In McMann v. Securities and Exchange Commission, 2 Cir., 87 F.2d 377, 379, 109 A.L.R. 1445, it was said: "Unless such subpoenas are valid, it is impossible to see how the statutes can be enforced at all, or how any wrongdoer can be brought to book."Summary of this case from Local 174, Etc. v. United States
January 18, 1937.
Appeal from the District Court of the United States for the Southern District of New York.
Suit in equity by Vincent J. McMann against David F. Engel and others, individually and as copartners doing business under the firm name of Engel Company, and another, wherein the Securities and Exchange Commission intervened, and wherein plaintiff filed a motion for a preliminary injunction. From a decree denying an injunction pendente lite to restrain defendants from complying with two subpœnas duces tecum ( 16 F. Supp. 446), plaintiff appeals.
Garey Garey, of New York City (Eugene L. Garey, Earl J. Garey, Milton I. Hauser, and Edward J. McGoldrick, Jr., all of New York City, of counsel), for appellant.
John J. Burns, of Washington, D.C., and Ernest Angell, of New York City (William V. Holohan and Pierce W. Bradley, both of New York City, and Charles R. Kaufman, of Washington, D.C., of counsel), for appellees.
Before MANTON, L. HAND, and CHASE, Circuit Judges.
This is an appeal from a decree denying an injunction pendente lite in a suit brought by the plaintiff, McMann, against his brokers, Engel Co., in which the Securities Exchange Commission has intervened.
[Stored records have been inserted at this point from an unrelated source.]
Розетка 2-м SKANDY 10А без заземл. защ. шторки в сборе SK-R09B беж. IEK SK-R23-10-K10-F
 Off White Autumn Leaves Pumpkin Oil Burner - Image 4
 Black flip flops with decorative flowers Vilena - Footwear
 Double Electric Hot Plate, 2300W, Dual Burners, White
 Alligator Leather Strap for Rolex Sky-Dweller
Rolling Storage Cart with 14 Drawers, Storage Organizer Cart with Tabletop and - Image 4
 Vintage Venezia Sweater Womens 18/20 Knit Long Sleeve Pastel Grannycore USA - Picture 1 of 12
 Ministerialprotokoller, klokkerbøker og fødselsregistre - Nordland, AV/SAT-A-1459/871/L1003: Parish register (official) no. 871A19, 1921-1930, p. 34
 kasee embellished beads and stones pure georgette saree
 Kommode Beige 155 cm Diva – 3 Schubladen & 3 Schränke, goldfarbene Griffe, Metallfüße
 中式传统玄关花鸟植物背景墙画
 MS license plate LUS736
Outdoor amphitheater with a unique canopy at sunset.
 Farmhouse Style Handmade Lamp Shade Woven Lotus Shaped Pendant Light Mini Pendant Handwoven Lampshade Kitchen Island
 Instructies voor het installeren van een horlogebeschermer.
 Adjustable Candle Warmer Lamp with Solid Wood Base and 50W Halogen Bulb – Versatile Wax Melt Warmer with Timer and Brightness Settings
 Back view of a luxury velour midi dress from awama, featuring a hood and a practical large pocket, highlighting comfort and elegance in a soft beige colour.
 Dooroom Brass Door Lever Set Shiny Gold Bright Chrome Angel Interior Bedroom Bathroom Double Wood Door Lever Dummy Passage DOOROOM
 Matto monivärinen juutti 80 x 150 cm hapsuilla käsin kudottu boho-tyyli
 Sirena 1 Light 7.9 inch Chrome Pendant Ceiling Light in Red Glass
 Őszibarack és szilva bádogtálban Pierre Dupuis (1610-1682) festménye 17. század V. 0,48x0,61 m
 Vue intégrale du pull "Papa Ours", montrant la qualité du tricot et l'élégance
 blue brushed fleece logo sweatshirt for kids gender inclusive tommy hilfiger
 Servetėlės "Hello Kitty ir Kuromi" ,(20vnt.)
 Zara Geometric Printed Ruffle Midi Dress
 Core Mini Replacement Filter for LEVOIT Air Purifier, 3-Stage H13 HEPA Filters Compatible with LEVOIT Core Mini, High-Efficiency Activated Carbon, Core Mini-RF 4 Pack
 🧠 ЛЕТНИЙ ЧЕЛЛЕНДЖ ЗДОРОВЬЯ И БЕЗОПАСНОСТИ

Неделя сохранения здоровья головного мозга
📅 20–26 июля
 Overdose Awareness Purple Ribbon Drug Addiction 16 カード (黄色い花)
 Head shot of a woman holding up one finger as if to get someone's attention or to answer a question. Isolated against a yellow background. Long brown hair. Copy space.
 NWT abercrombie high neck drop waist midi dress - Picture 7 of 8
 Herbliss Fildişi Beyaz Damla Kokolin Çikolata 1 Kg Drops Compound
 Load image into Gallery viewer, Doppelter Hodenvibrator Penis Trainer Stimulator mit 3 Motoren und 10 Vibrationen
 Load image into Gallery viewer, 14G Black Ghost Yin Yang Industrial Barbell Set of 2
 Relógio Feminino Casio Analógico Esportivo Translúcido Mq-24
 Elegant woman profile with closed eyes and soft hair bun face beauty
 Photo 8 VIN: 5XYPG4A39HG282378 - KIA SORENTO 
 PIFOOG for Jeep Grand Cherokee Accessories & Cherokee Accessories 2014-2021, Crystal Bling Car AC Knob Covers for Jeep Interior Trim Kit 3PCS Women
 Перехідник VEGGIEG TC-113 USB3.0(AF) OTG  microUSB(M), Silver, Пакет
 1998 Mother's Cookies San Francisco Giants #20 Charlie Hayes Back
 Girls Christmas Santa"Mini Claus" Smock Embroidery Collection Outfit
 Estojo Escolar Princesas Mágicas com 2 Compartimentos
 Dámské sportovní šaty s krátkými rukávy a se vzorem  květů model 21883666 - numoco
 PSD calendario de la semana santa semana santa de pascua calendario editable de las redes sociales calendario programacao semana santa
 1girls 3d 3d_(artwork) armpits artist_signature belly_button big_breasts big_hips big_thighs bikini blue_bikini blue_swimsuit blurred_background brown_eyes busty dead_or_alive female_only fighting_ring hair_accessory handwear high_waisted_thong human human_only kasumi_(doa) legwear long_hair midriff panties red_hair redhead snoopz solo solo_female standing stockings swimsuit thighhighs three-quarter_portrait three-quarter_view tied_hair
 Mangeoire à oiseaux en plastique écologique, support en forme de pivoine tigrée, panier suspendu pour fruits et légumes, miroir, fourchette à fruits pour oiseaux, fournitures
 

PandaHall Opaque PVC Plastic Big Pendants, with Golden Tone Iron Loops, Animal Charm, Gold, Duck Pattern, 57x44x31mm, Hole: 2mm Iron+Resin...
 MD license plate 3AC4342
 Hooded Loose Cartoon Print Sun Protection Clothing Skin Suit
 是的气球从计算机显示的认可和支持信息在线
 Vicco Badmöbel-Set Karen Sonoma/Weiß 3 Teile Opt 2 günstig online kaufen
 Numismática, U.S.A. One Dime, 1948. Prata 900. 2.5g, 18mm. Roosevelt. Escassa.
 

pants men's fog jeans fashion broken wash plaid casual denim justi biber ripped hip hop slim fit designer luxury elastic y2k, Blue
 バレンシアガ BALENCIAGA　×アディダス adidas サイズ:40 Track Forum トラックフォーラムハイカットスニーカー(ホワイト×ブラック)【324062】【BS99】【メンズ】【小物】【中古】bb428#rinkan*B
The application was to prevent the brokers from complying with two subpœnas duces tecum issued by the Commission, the first requiring them to produce before one of its examiners a copy of McMann's account between December 1, 1935, and March, 1936; and the second, a copy of the same account from August 1, 1935, to November 30th, together with "the opening position" on the first day, and "the closing position" on the last. McMann had been a customer of Engel Co. for some time and had employed them in numerous transactions in stocks, among them in shares of the Budd Wheel Company and of the Wil-Low Cafeterias, Inc.; the Commission had begun an investigation into transactions in the shares of these companies, and more particularly into the conduct of McMann and others who were suspected of having paid persons, ostensibly disinterested, to recommend the purchase of these stocks by the public. These payments did not appear from the execution of McMann's orders for the purchase and sale of the stocks in question; the whole account was necessary to disclose them. Engel Co. were ready to obey the subpœnas, and will do so if not enjoined; but McMann asserts a constitutional immunity against any disclosure to the Commission of information contained in the books. He argues that, as all the transactions were confidential, the information was privileged and protected by the Fourth Amendment; it was "property" in which he alone was interested. Furthermore, the subpœnas independently infringe his immunity as "unreasonable searches." Finally, he asserts that he may protect himself by injunction, because, if the information be once disclosed, the injury is irreparable. The judge denied the motion and McMann appealed.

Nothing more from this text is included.